Arlington and Fairfax counties ranked among the top three school systems in the state in reading and mathematics scores at most of the grade levels tested, according to results released yesterday by the Virginia State Department of Education. Alexandria and Manassas Park scores ranked the lowest in Northern Virginia, but fell only slightly below the statewide averages.
Statewide, elementary score rankings in reading and math dropped, while secondary school rankings improved. Virginia students ranked above the national average on the standardized test in all areas except fourth grade reading.
"I'm encouraged, but not satisfied," said state Superintendent S. John Davis.

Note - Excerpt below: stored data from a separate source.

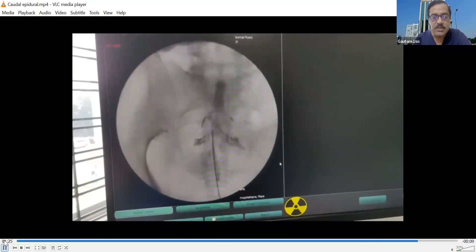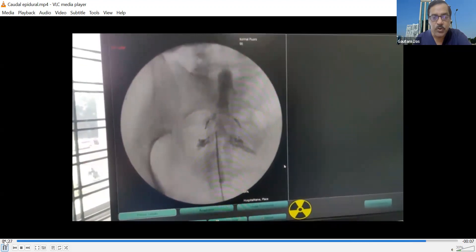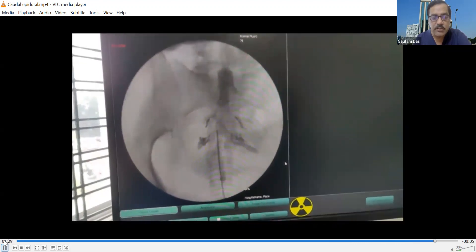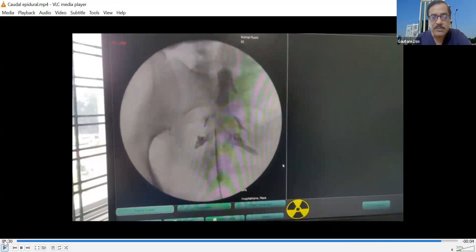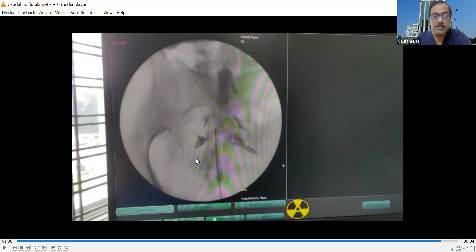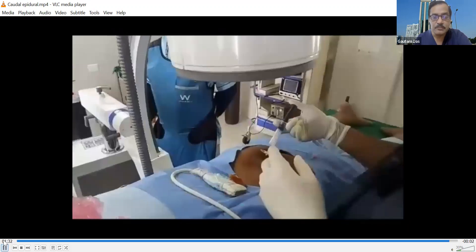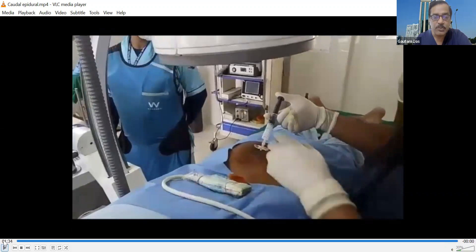Dye is injected under continuous fluoroscopy to confirm the dye is not taken up by the vessels. It is a beautiful inverted Christmas tree appearance — you can see the sacral nerve roots with a heterogeneous appearance, and there is no vascular uptake; the dye is not vanishing. We are happy with the dye spread, and we are injecting around 10cc of a 40mg triamcinolone and local anesthetic mixture. That ends the procedure. Thank you.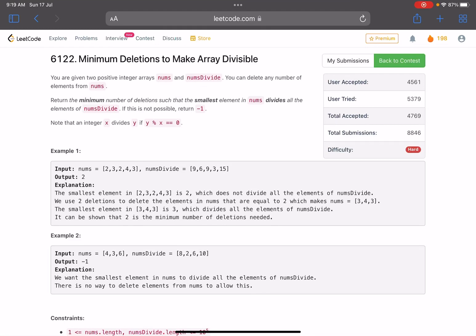Hello everyone, hope you're doing well. In this video we'll discuss the last problem of LeetCode weekly contest 302. It's a hard level problem, but honestly I would say this was the easiest hard problem I have seen in all the LeetCode contests, and that can be seen by the acceptance ratio as well. We already have more than 4.5k users who submitted successfully, so it's a pretty easy problem. If I had to rate it, this question could have been somewhere between the second and third question — not at all a hard question.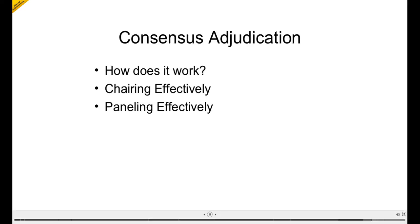In terms of chairing effectively, the first step is asking your panelists for their order — get all three orders down straight away. That makes the process really efficient: if everyone agrees a particular team is fourth, don't bother discussing them; if everyone agrees another team is first, that's locked in, and then you can have the debate about second and third. You want to streamline the process as much as possible, give discussion about 10 to 15 minutes depending on the tournament, and if you're not getting anywhere, you may need to put it to a vote.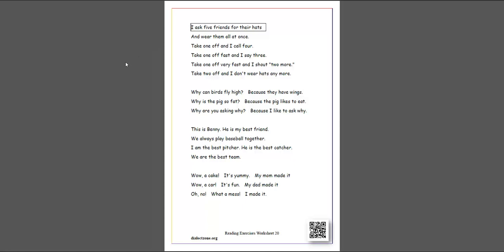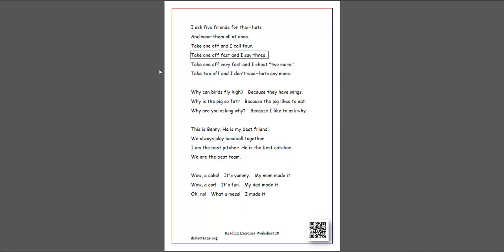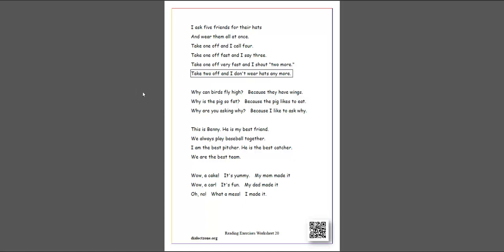I ask 5 friends for their hats. And wear them all at once. Take 1 off and I call 4. Take 1 off fast and I say 3. Take 1 off very fast and I shout 2 more. Take 2 off and I don't wear hats anymore.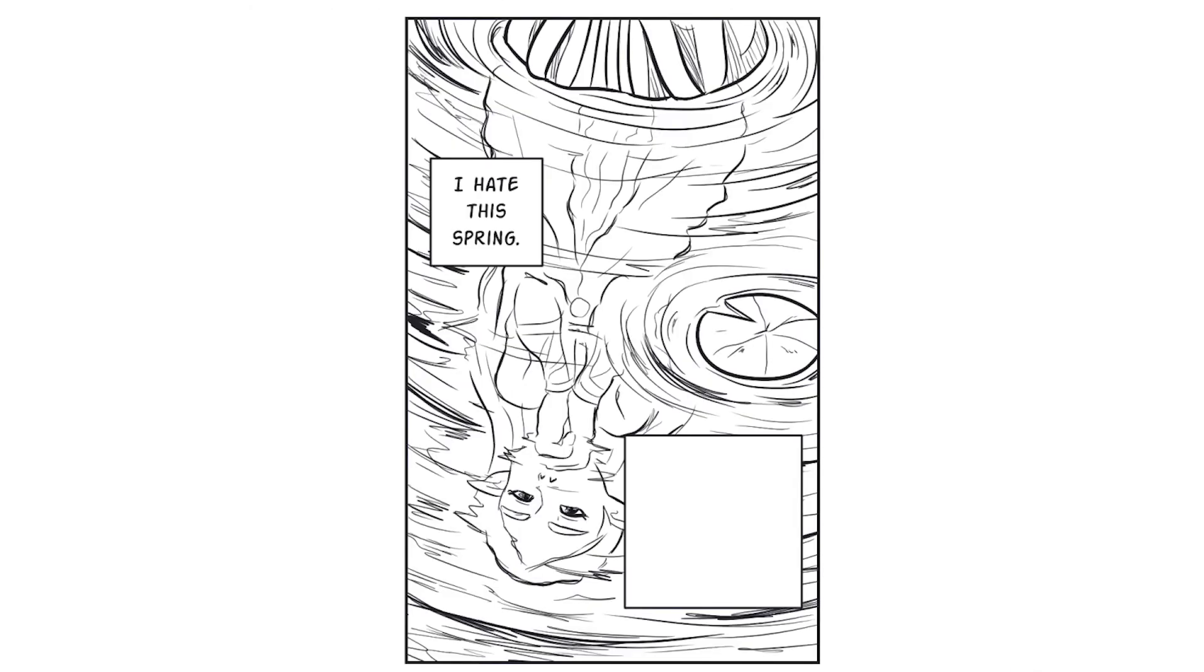I hate this spring. I've been standing here for so long that I can't feel my feet.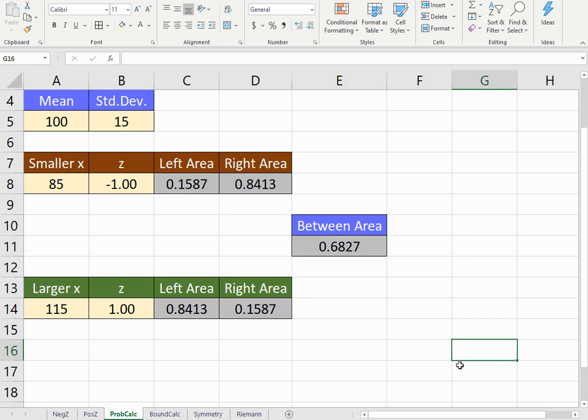So that's how you construct the calculator. That should serve you well to answer all your probability problems. In another video, we'll test it out with more examples.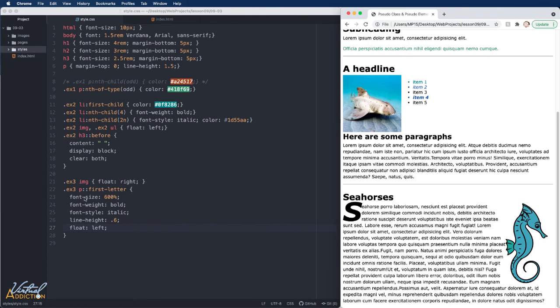The difference between pseudo classes and pseudo elements can be confusing. A pseudo class is a selector that assists in selecting something that cannot be expressed by a simple selector — for example, hovering. A pseudo element allows us to create items that do not normally exist in the document, like ::first-letter and ::before. Think of it this way: a pseudo element is a fake element not really in the document; pseudo classes are like fake classes applied to elements under certain conditions. Start working with these so you'll become familiar and can incorporate them into your web pages.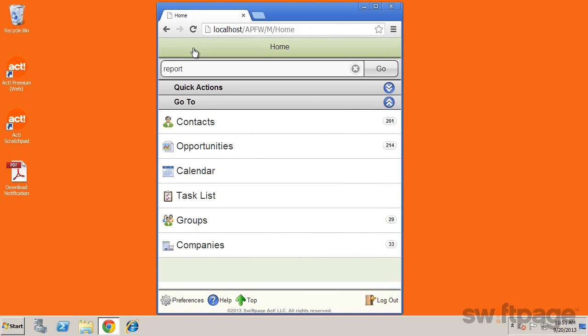So as we have seen, in ACT Premium Mobile, you can stay connected in real time to your contact, calendar, and opportunity information right from your mobile device.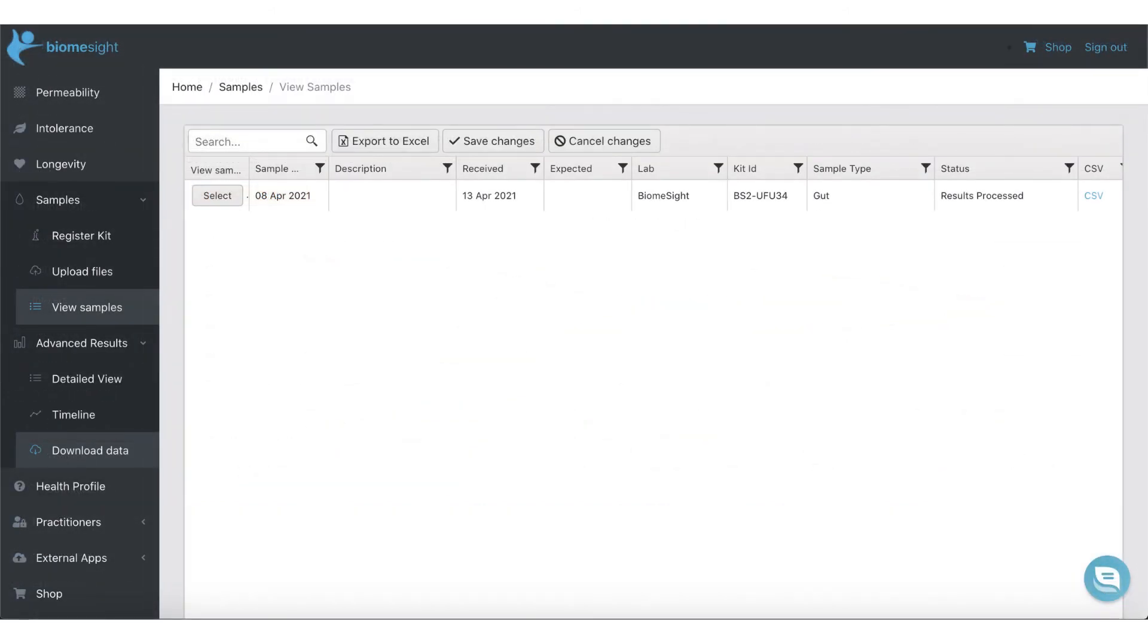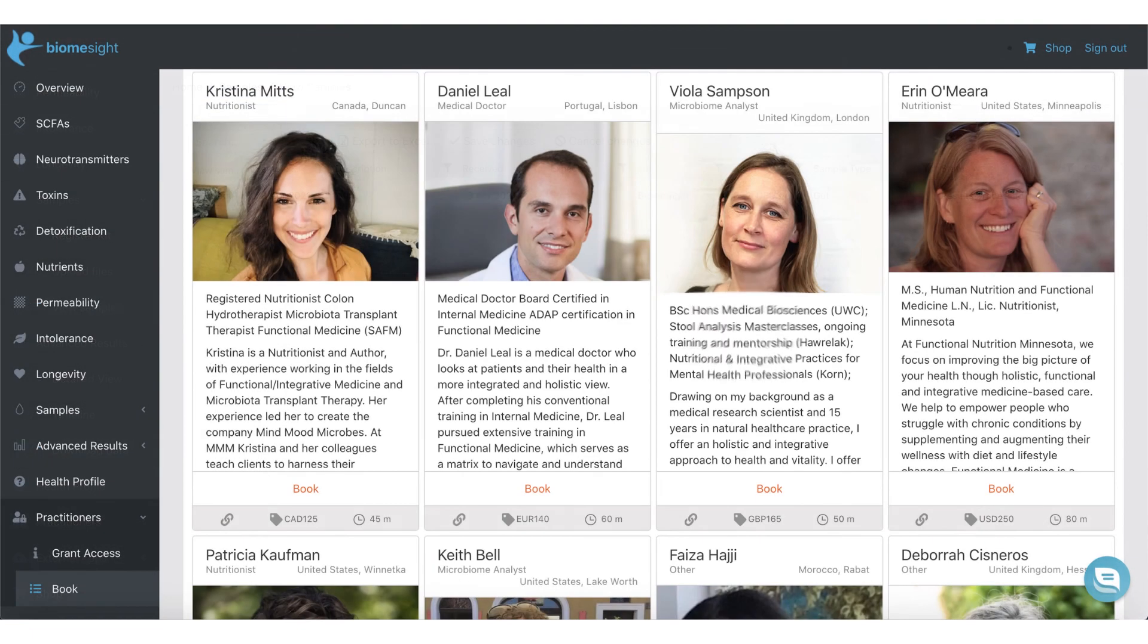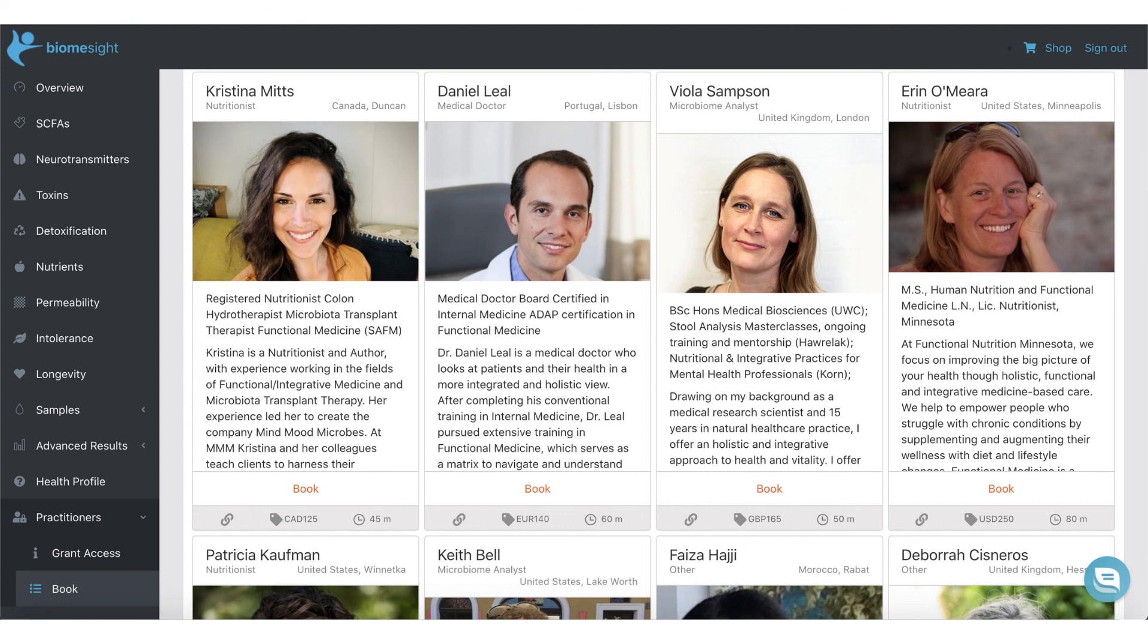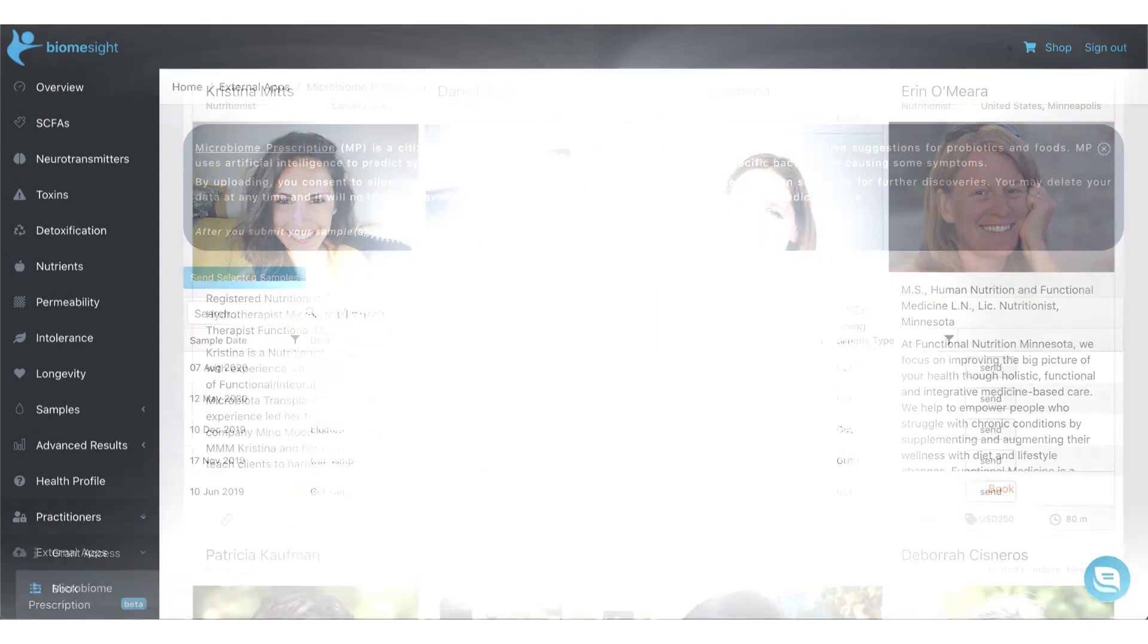You can also download your data to Excel, raw sequence data, as well as a PDF suitable for printing. If you need help interpreting your results and compiling a diet and supplement plan, you can also book and work with one of our partner practitioners and share your profile and results directly from within BiomeSight.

Nationwide, elementary students have shown improvements over the last decade, while high school achievement has dropped, said Donald S. Sale, state testing supervisor. This year's test results showed that Virginia high school students have maintained higher achievement scores compared to the rest of the nation, while elementary students are progressing at about the same rate as the national average, Sale said.
Statewide, individual county's rankings of average test scores varied by as much as 70 points. One of the highest rankings was the 83rd percentile scored by Fairfax County eighth graders in math. That means the students performed in the top 17 percent of students in the nation on that section of the test. One of the lowest scores was the 13th percentile math ranking of 11th graders in Sussex and King and Queen counties.
In Alexandria, where rankings had been edging closer to Arlington and Fairfax averages over the past few years, students this year scored about 20 points below those in the neighboring districts. Fauquier and Loudoun counties continued to rank closer to the front-runners.
In the Falls Church school system--the smallest in the state--test scores were among the highest in Virginia. Eighth and 11th grade students scored in the top 25 percent of the nation in math.
The state used a new version of the standardized Scientific Research Associates (SRA) test this year, making comparisons to past years' scores difficult, state education officials said. But officials still drew these conclusions from the results:
* Fourth-grade reading scores dropped slightly relative to the nation, but rankings in math, language arts, social studies and science increased.
* Eighth graders showed some improvement in all areas, with the most in math, social studies and science.
* Eleventh-grade reading and language arts rankings remained the same, while social studies dipped and some gains were recorded in math and science.